- Source data:
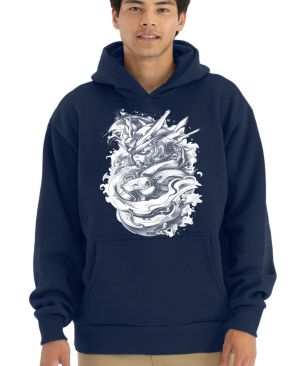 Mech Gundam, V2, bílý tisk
* * *
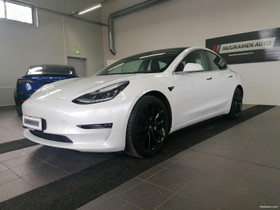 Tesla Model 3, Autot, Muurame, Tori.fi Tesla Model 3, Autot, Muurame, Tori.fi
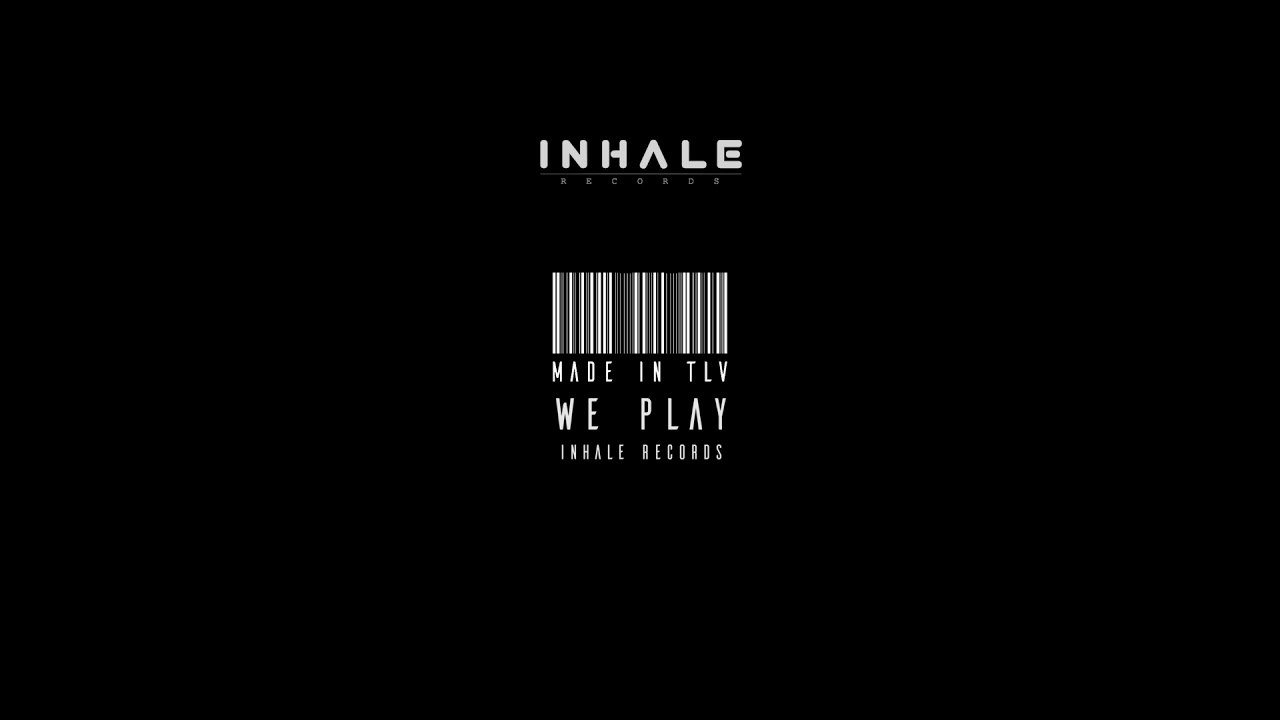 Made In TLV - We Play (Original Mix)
...
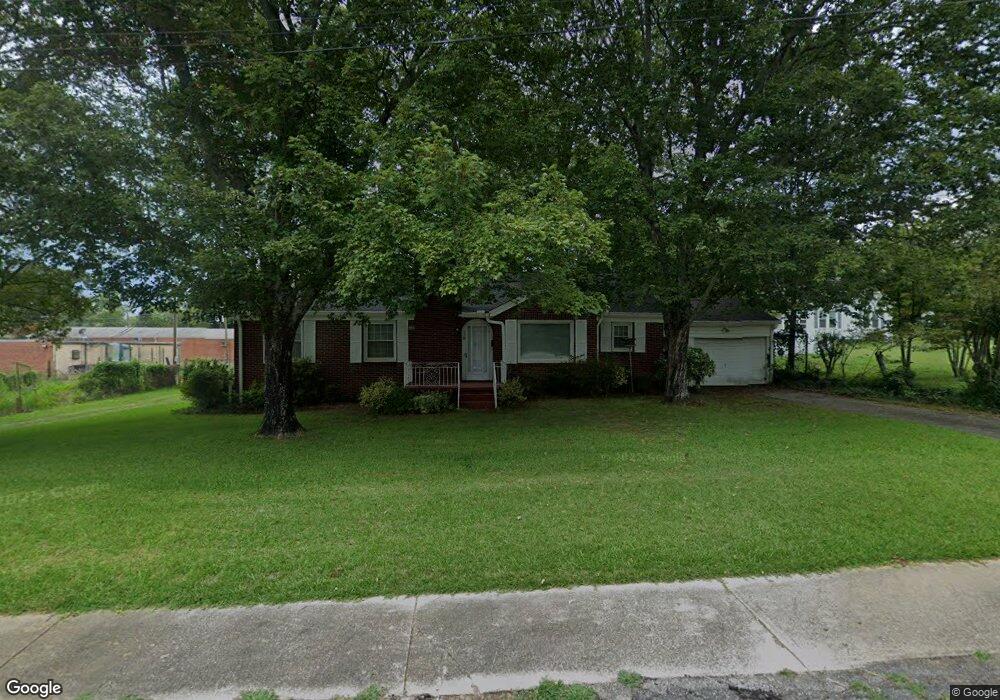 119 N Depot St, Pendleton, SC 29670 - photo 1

- About this task: Retype, exactly and with no pictures, everything above from the line with "Tesla Model 3, Autot, Muurame, Tori.fi Tesla" down to the line with "Made In TLV - We Play (Original Mix)", both included.

- Response to the exercise:
 Tesla Model 3, Autot, Muurame, Tori.fi Tesla Model 3, Autot, Muurame, Tori.fi
 Made In TLV - We Play (Original Mix)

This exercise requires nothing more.